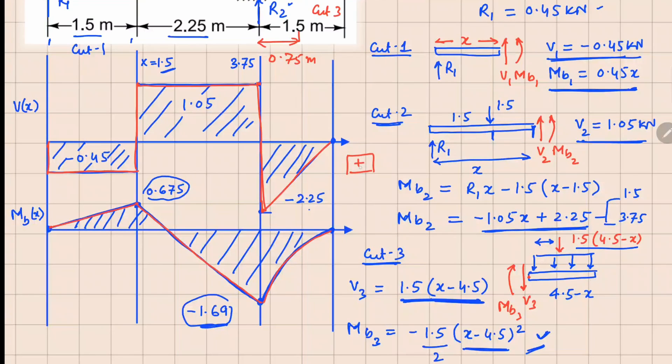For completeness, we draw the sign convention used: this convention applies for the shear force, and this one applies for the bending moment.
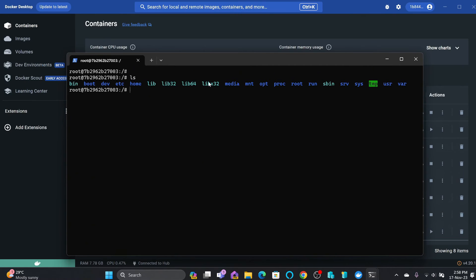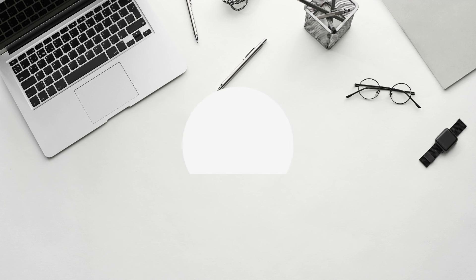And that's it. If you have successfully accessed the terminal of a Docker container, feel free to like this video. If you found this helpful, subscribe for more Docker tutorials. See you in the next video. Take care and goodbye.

=====

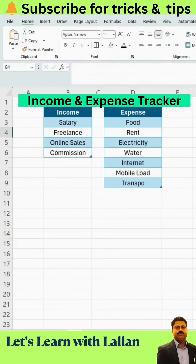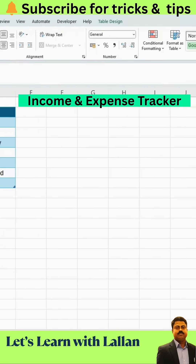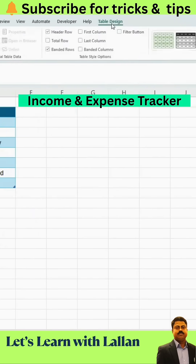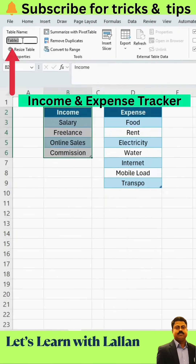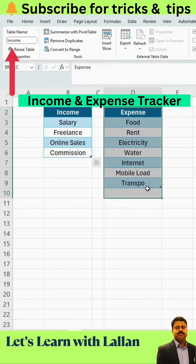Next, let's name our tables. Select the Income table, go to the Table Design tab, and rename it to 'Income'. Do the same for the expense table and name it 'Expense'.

=====

WHAT TO PRODUCE:
From the data above, retype only the lines starting with the line with "For completeness, we" and going on through the line with "And that's it.", exactly, leaving out the pictures.

RESPONSE BOX:
For completeness, we draw the sign convention used: this convention applies for the shear force, and this one applies for the bending moment.
And that's it. If you have successfully accessed the terminal of a Docker container, feel free to like this video. If you found this helpful, subscribe for more Docker tutorials. See you in the next video. Take care and goodbye.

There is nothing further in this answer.